TASK GOAL:
Copying rule for the data below: pictures stay out, and only the lines from the one with "Photo 3 - Harris Motel" down to the one with "North Hills Apartment: 8558 Columbus Ave.", inclusive, are repeated exactly.

RECORDS SHOWN:
[Start of section]

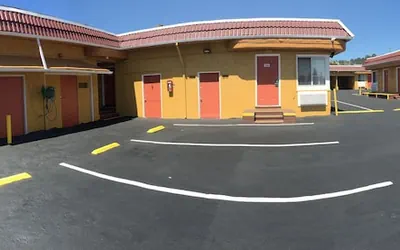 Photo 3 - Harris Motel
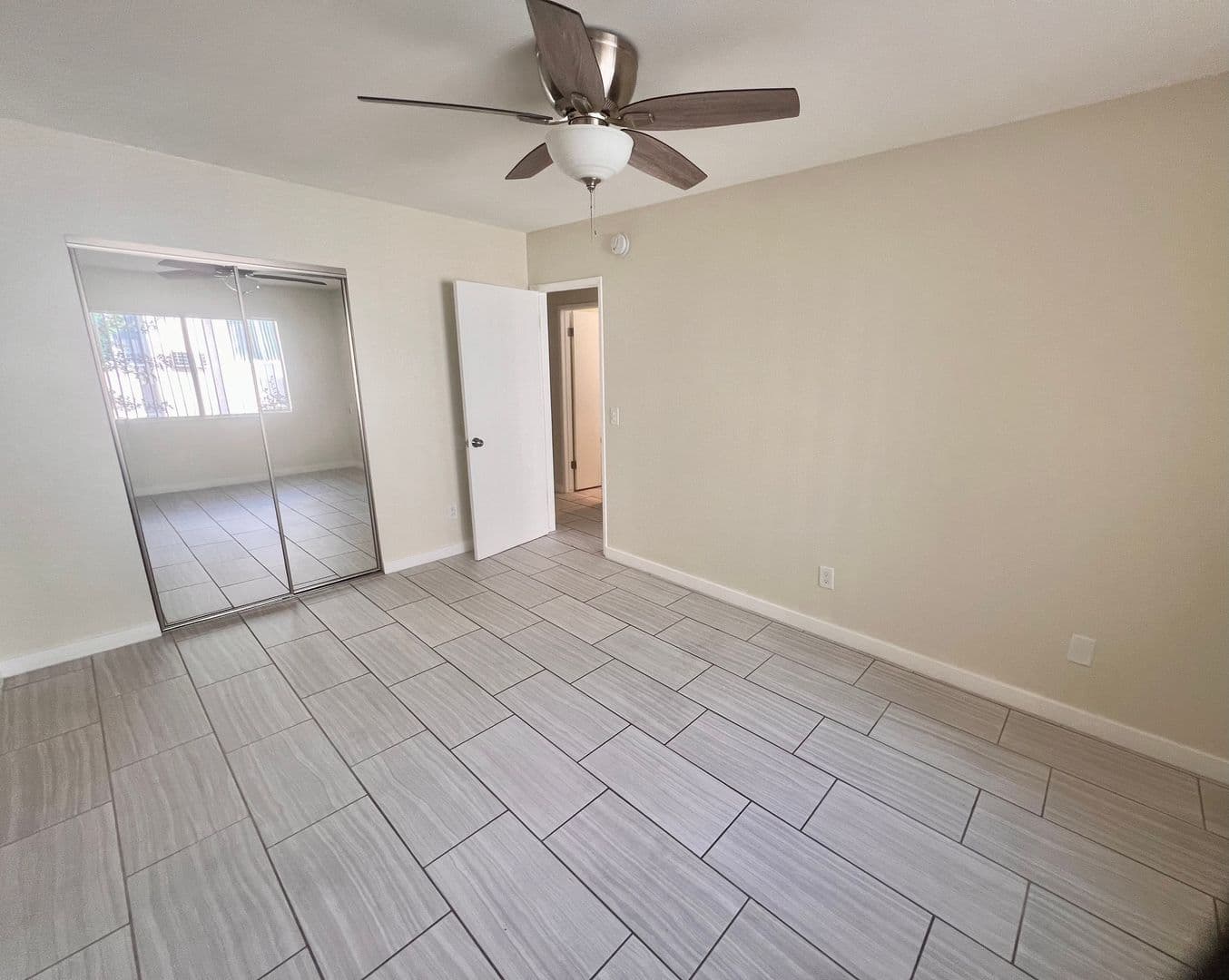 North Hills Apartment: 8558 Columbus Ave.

[End of section]
[Start of section]

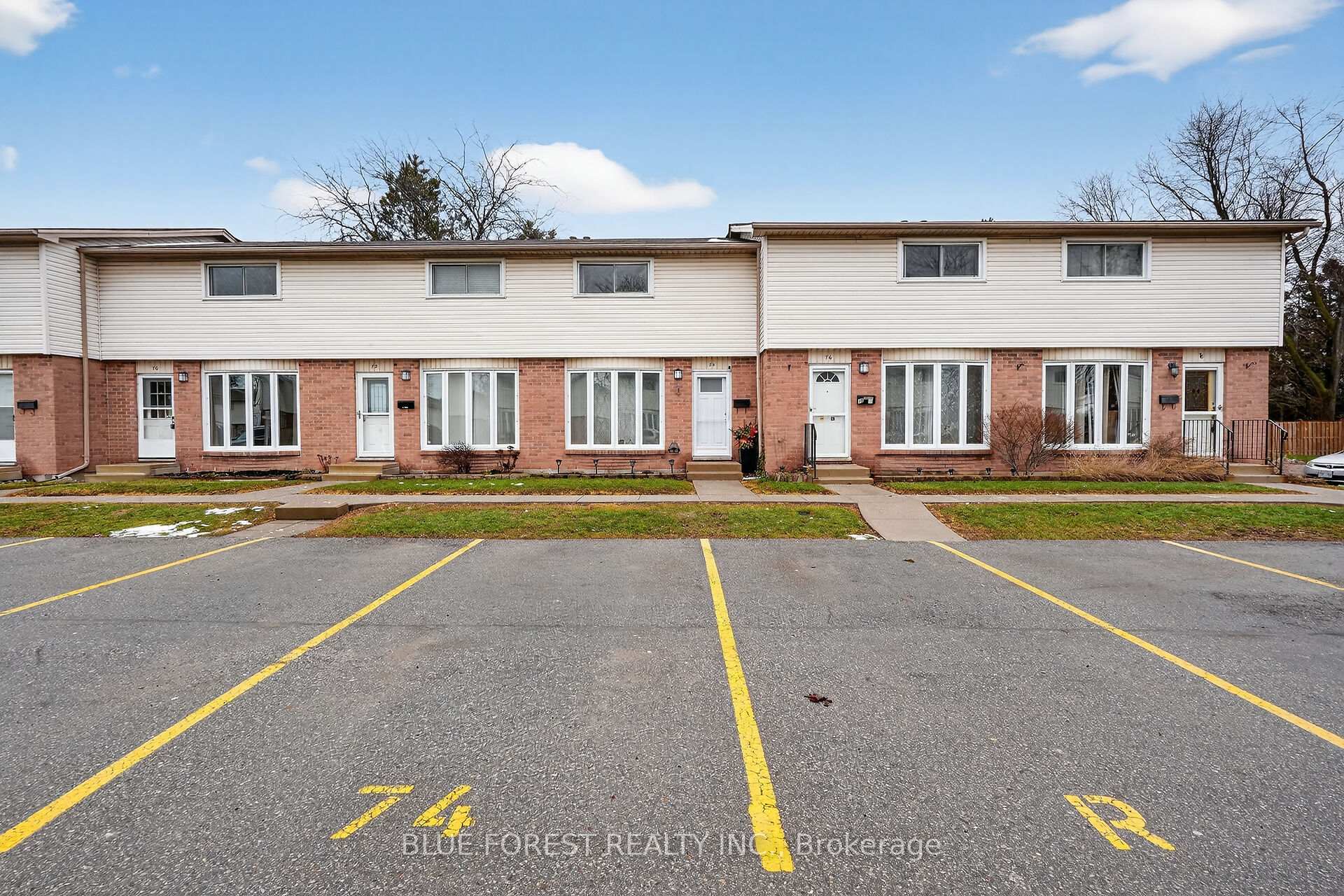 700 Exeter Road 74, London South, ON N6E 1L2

[End of section]
[Start of section]

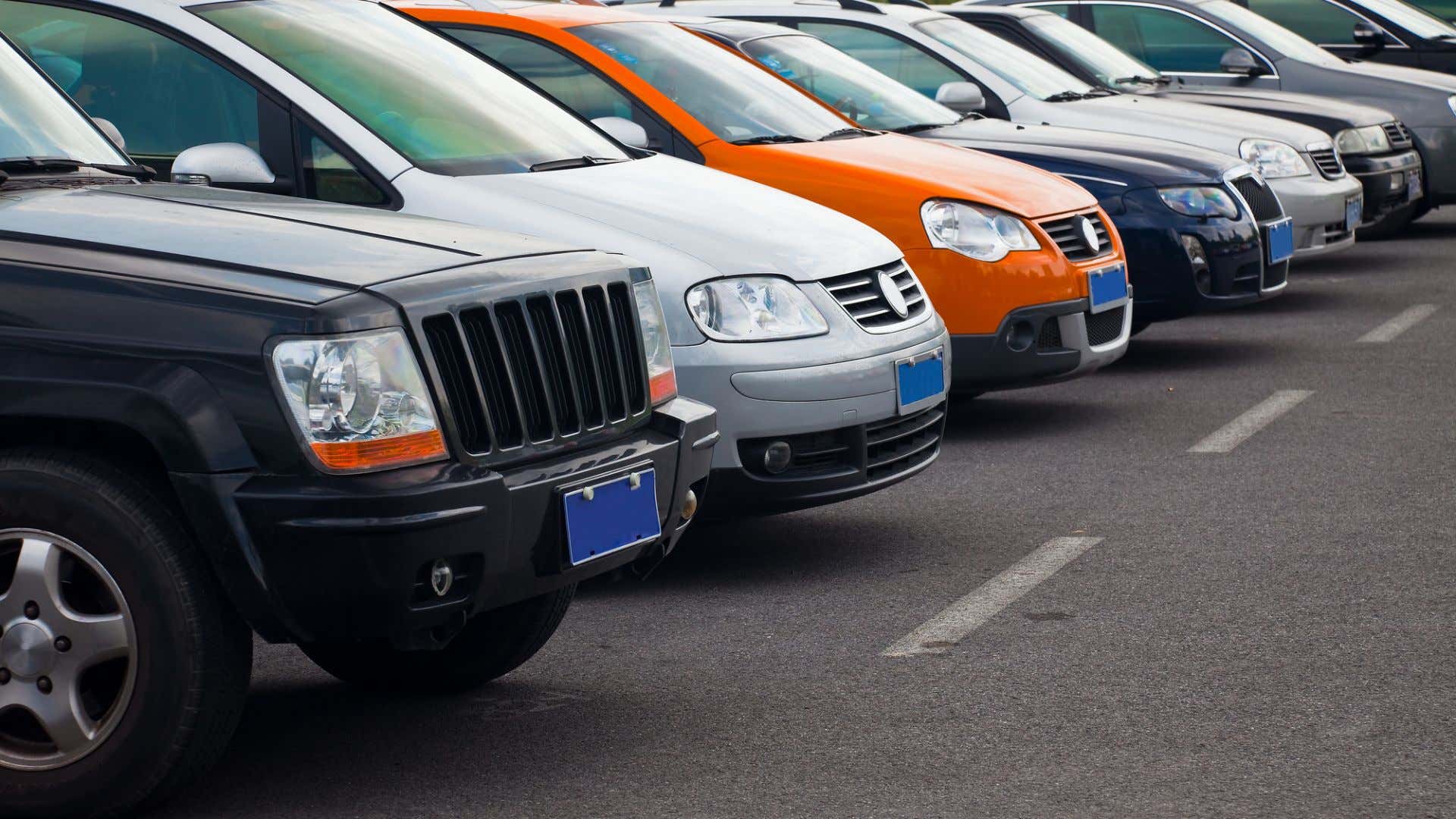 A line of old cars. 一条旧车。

[End of section]

SOLUTION TO THIS PROBLEM:
 Photo 3 - Harris Motel
 North Hills Apartment: 8558 Columbus Ave.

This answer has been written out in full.